RFR: 8230565: ZGC: Redesign C2 load barrier to expand on the MachNode level

Mon Sep 9 11:37:27 UTC 2019

Hi Erik,

To me this looks good, but this is only a best-effort review since I'm 
not a C2 expert.

If this is going to compile on Aarch64 we would need to do something 
about the usage of is_XMMRegister in zBarrierSetC2.cpp.

There's also a type mismatch on this line:
stub_req += bs->estimate_stub_size();

stub_req is an int and estimate_stub_size() returns a size_t.

Thanks,
StefanK

On 2019-09-04 14:58, Erik Österlund wrote:
> Hi,
> 
> For many years we have expanded load barriers in the C2 sea of nodes. It 
> has been a constant struggle to keep up with bugs due to optimizations 
> breaking our barriers. It has never truly worked. One particular pain 
> point that has never been handled quite right up until now, is dealing 
> with safepoints ending up between a load and its load barrier. We have 
> had workarounds for that before, but they have never really been enough.
> 
> In the end, our barrier is only a conditional branch to a slow path, so 
> there is really not much that the optimizer can do to help us make that 
> better. But it has many creative ways of breaking our GC invariants.
> 
> I think we have finally had enough of this, and want to move the barrier 
> expansion to the MachNode level instead. This way, we can finally put an 
> end to the load and its load barrier being separated (and related even 
> more complicated issues for atomics).
> 
> Our new solution is to tag accesses that want load barriers during 
> parsing, and then let C2 optimize whatever it wants to, invariantly of 
> GC barriers. Then it will match mach nodes, and perform global code 
> motion and scheduling. Only right before dumping the machine code of the 
> resulting graph do we call into the barrier set to perform last second 
> analysis of barriers, and then during machine code dumping, we inject 
> our load barriers. After the normal insts() are dumped, we inject slow 
> path stubs for our barriers.
> 
> There are two optimizations that we would like to retain in this scheme.
> 
> Optimization 1: Dominating barrier analysis
> Previously, we instantiated a PhaseIdealLoop instance to analyze 
> dominating barriers. That was convenient because a dominator tree is 
> available for finding load barriers that dominate other load barriers in 
> the CFG. I built a new more precise analysis on the PhaseCFG level 
> instead, happening after the matching to mach nodes.

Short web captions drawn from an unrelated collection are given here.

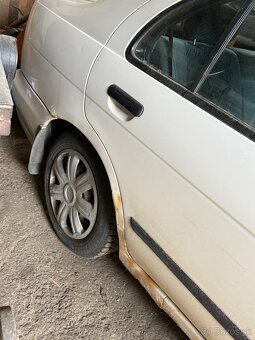 Nissan Almera - 3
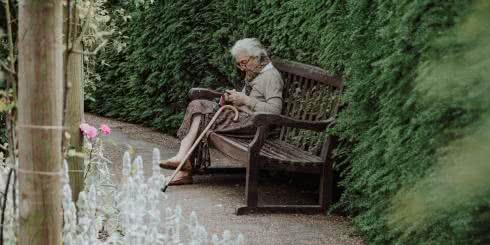 Osteoporoza przyczyną złamanego biodra - jak się leczyć naturalnie?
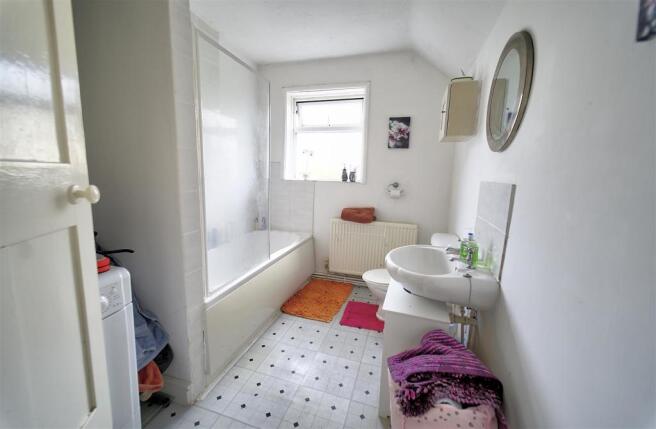 Bathroom.jpg
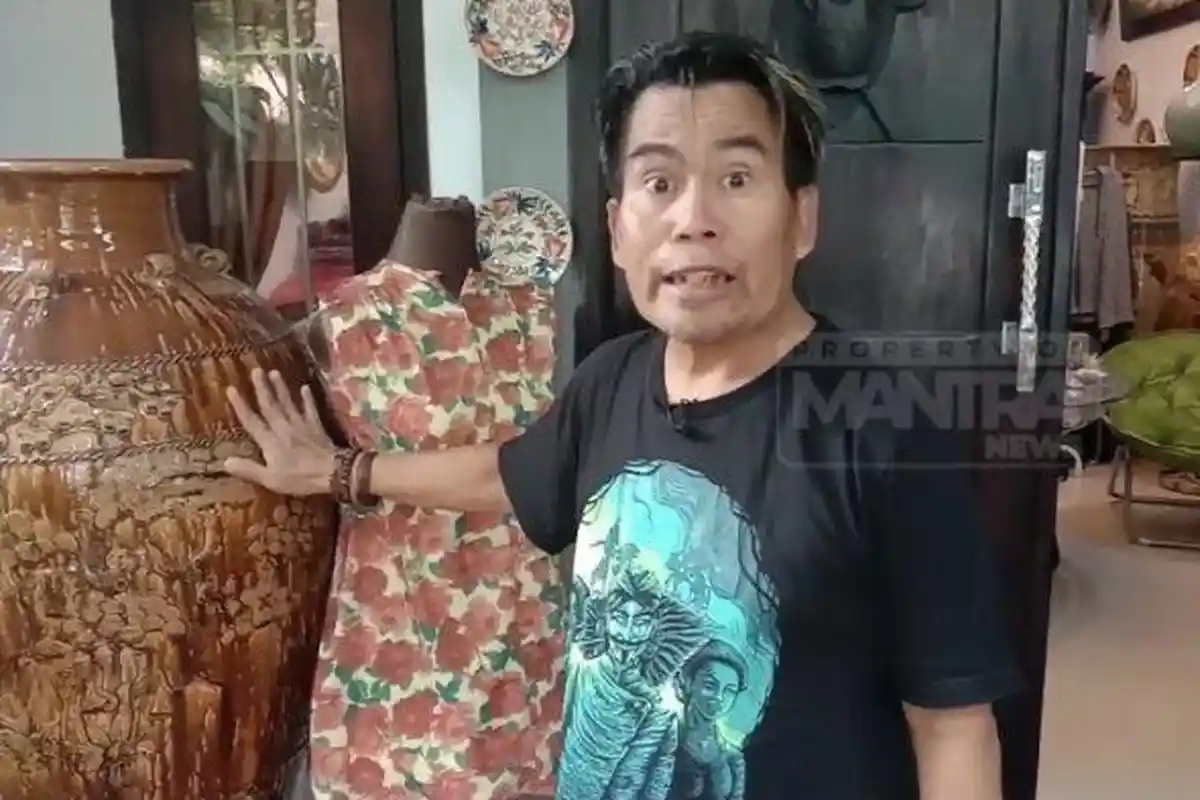 Jarang Muncul di TV, Bopak Castello Kini Sibuk Jualan Guci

The analysis is now 
> looking for dominating accesses, instead of dominating load barriers. 
> Because any dominating access, including stores, will make sure that 
> what is left behind in memory is "good". Another thing that makes the 
> analysis more precise, is that it doesn't require strict dominance in 
> the CFG. If the earlier access is in the same Block as an access with 
> barriers, we now also utilize knowledge about the scheduling of the 
> instructions, which has completed at this point. So we can safely remove 
> such pointless load barriers in the same block now. The analysis is 
> performed right before machine code is emitted, so we can trust that it 
> won't change after the analysis due to optimizations.
> 
> Optimization 2: Tight register spilling
> When we call the slow path of our barriers, we want to spill only the 
> registers that are live. Previously, we had a special LoadBarrierSlowReg 
> node corresponding to the slow path, that killed all XMM registers, and 
> then all general purpose registers were called in the slow path. Now we 
> instead perform explicit live analysis of our registers on MachNodes, 
> including how large chunks of vector registers are being used, and spill 
> only exactly the registers that are live (and only the part of the 
> register that is live for XMM/YMM/ZMM registers).
> 
> Zooming out a bit, all complexity of pulling the barriers in the sea of 
> nodes through various interesting phases while retaining GC invariants 
> such as "don't put safepoints in my barrier", become trivial and no 
> longer an issue. We simply tag our loads to need barriers, and let C2 do 
> whatever it wants to in the sea of nodes. Once all scheduling is done, 
> we do our thing. Hopefully this will make the barriers as stable and 
> resilient as our C1 barriers, which cause trouble extremely rarely.
> 
> We have run a number of benchmarks. We have observed a number of 
> improvements, but never any regressions. There has been countless runs 
> through gc-test-suite, and a few hs-tier1-6 and his tier1-7 runs.
> 
> Finally, I would like to thank Per and StefanK for the many hours spent 
> on helping me with this patch, both in terms of spotting flaws in my 
> prototypes, benchmarking, testing, and refactoring so the code looks 
> nice and much more understandable. I will add both to the Contributed-by 
> line.
> 
> @Stuart: It would be awesome if you could provide some AArch64 bits for 
> this patch so we do things the same way (ish).
> 
> Bug:
> https://bugs.openjdk.java.net/browse/JDK-8230565
> 
> Webrev:
> http://cr.openjdk.java.net/~eosterlund/8230565/webrev.00/
> 
> Thanks,
> /Erik